- **EXTRACTED DATA**:
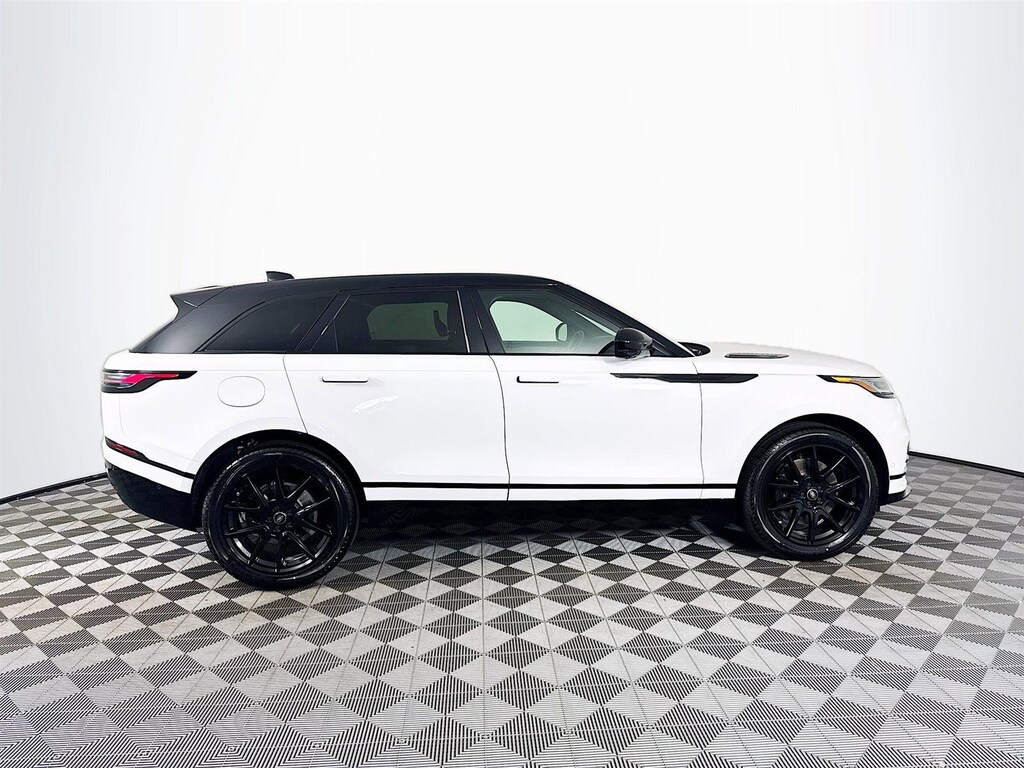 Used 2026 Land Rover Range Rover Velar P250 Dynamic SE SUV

---

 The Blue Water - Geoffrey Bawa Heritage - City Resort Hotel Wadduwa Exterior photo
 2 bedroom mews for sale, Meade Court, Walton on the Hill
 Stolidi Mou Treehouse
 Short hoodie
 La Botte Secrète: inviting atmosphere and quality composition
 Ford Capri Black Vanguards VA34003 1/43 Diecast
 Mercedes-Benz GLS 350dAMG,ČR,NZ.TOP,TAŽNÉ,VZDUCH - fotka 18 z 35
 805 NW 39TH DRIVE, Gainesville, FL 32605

...

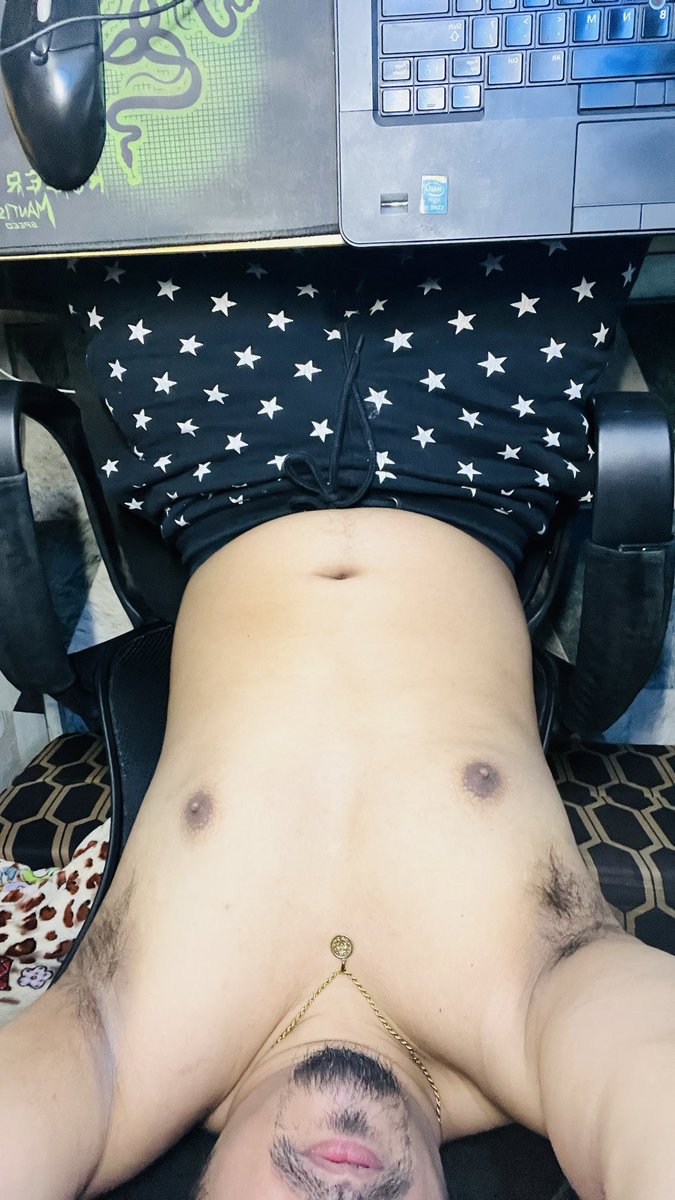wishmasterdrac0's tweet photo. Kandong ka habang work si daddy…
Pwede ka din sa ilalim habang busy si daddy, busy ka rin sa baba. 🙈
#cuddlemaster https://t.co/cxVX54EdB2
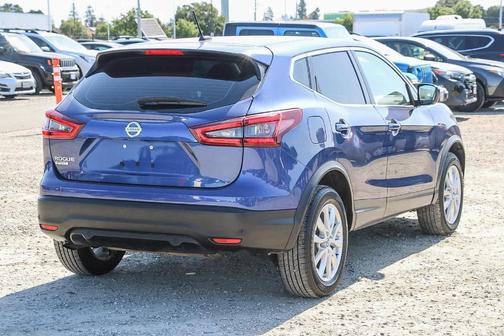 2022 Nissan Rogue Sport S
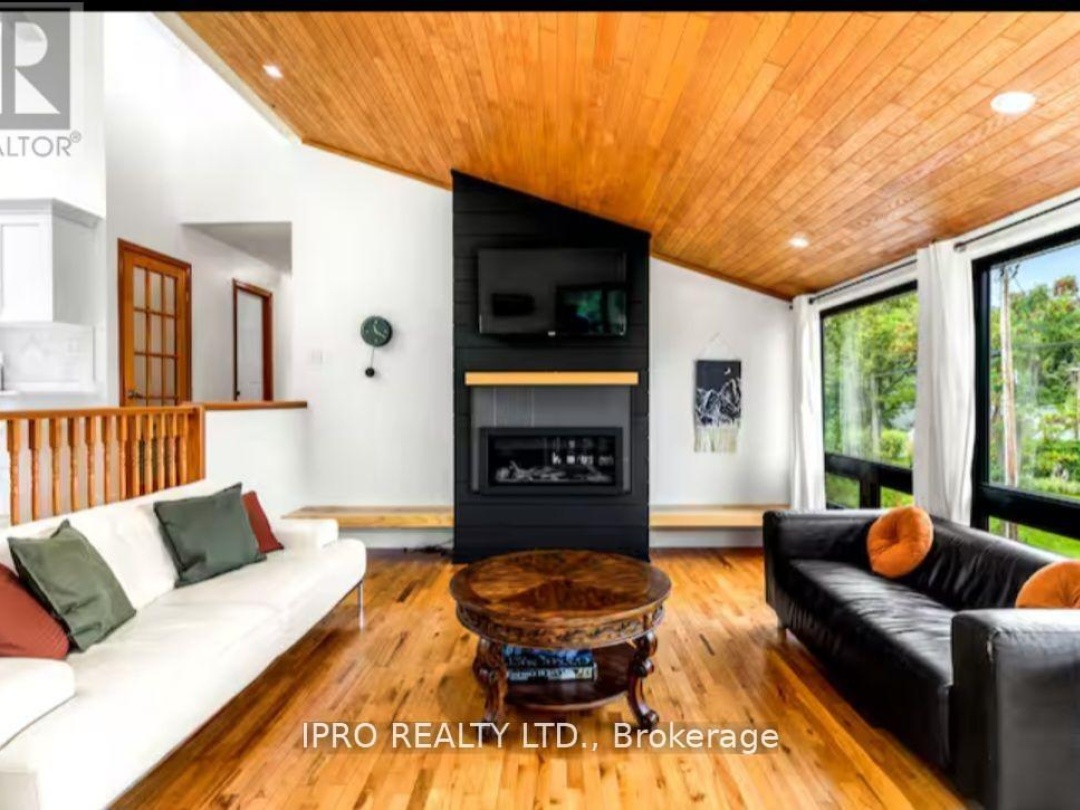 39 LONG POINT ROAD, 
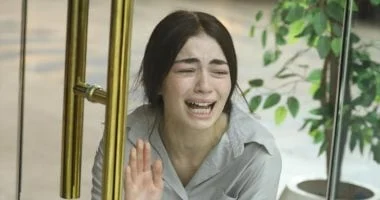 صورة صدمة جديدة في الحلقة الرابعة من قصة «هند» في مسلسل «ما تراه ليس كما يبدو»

- **YOUR OBJECTIVE**: Above are some records; quote exactly and only the lines that begin at the line containing "39 LONG POINT" and stop after the line containing "صورة صدمة جديدة", leaving out the pictures.

- **RESPONSE**:
 39 LONG POINT ROAD, 
 صورة صدمة جديدة في الحلقة الرابعة من قصة «هند» في مسلسل «ما تراه ليس كما يبدو»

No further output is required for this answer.